Dataset items
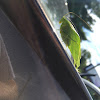 Katydid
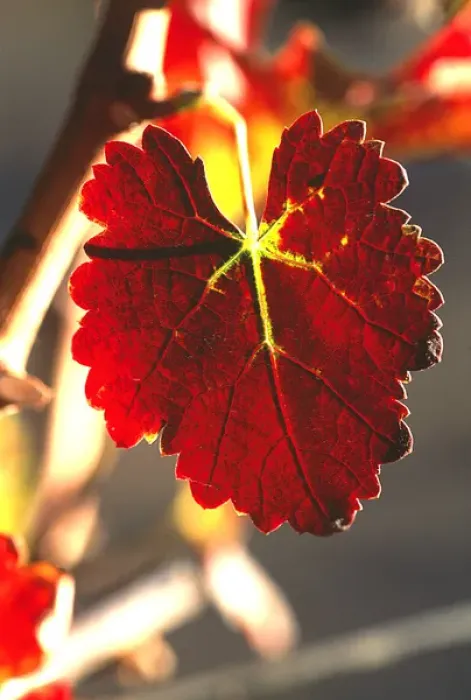 Framed Print : USA, California, Napa Valley, wine country, a red grapeleaf at harvest time Framed Print : USA, California, Napa Valley, wine country, a red grapeleaf at harvest time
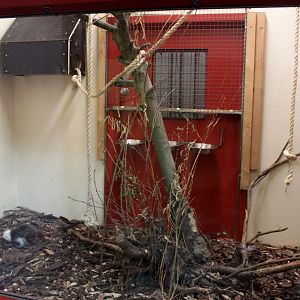 Givskud Zoo - Chimpanzee House (Tamarin exhibit)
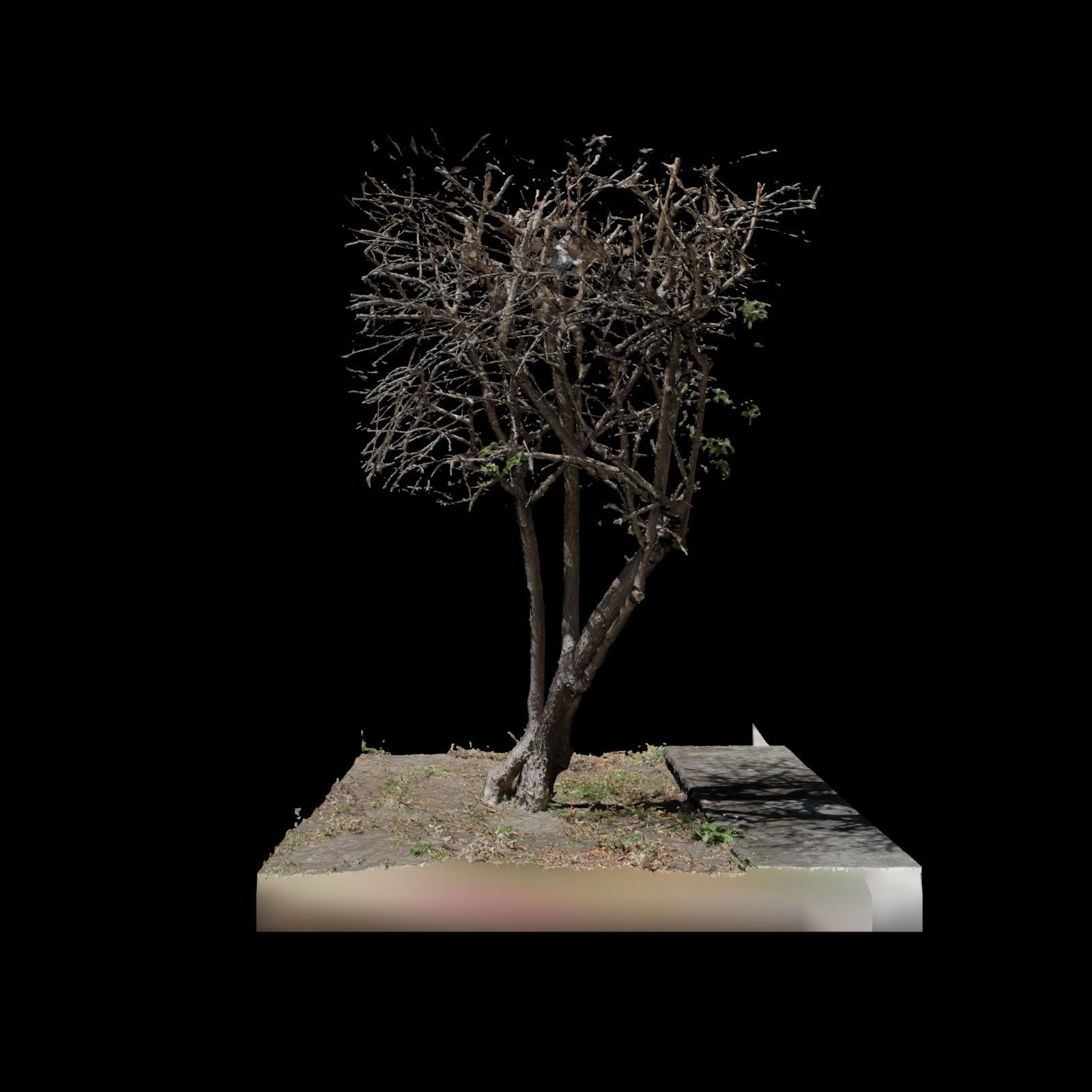 Small Tree 3D model_2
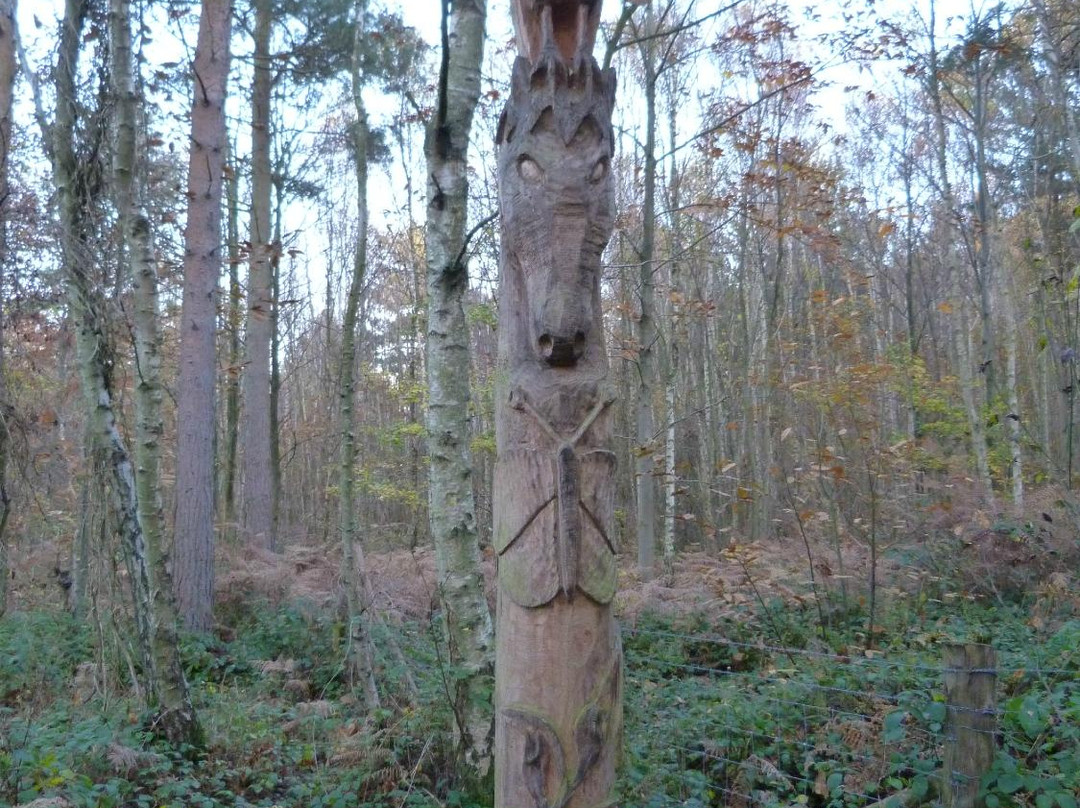 West Blean & Thornden Woods景点图片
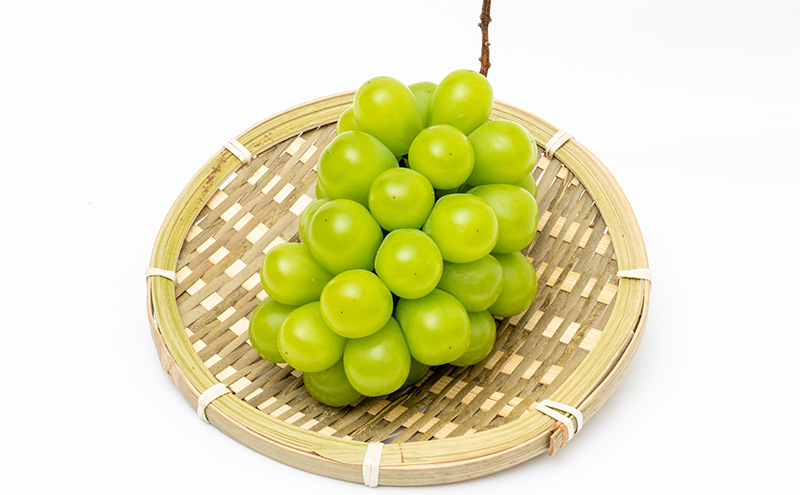 ã¶ã©ã 2026幎 å
è¡äºçŽ ã·ã£ã€ã³ ãã¹ã«ãã æŽç 1æ¿ ïŒ1æ¿670g以äžïŒ åç²§ç®±å
¥ã ãã¹ã«ãã ãã㊠è¡è 岡山çç£ åœç£ ãã«ãŒã æç© ã®ãã èŽçå é«çŽ å€§ç² çš®ç¡ã èŽãç©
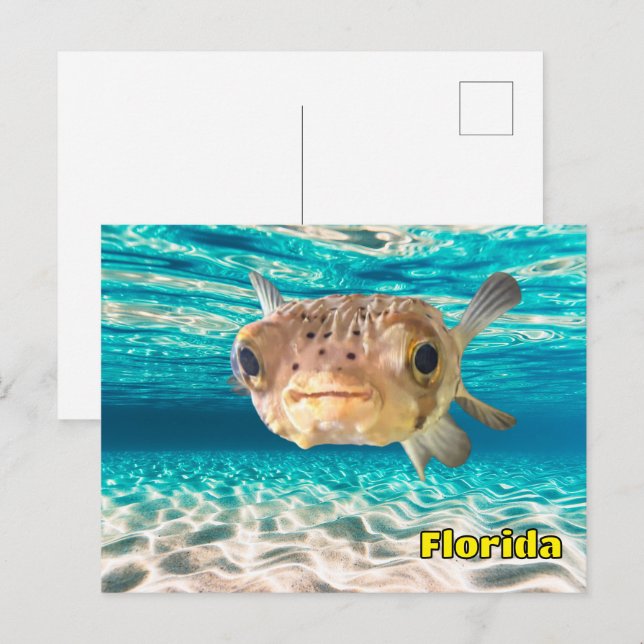 Carte Postale Cute Puffer Fish dans l'océan Pacifique sous l'eau (Devant / Derrière)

WHAT YOU SHOULD DO:
Return the lines above exactly; the images are not part of the copy.

EXERCISE RESULT:
 Katydid
 Framed Print : USA, California, Napa Valley, wine country, a red grapeleaf at harvest time Framed Print : USA, California, Napa Valley, wine country, a red grapeleaf at harvest time
 Givskud Zoo - Chimpanzee House (Tamarin exhibit)
 Small Tree 3D model_2
 West Blean & Thornden Woods景点图片
 ã¶ã©ã 2026幎 å
è¡äºçŽ ã·ã£ã€ã³ ãã¹ã«ãã æŽç 1æ¿ ïŒ1æ¿670g以äžïŒ åç²§ç®±å
¥ã ãã¹ã«ãã ãã㊠è¡è 岡山çç£ åœç£ ãã«ãŒã æç© ã®ãã èŽçå é«çŽ å€§ç² çš®ç¡ã èŽãç©
 Carte Postale Cute Puffer Fish dans l'océan Pacifique sous l'eau (Devant / Derrière)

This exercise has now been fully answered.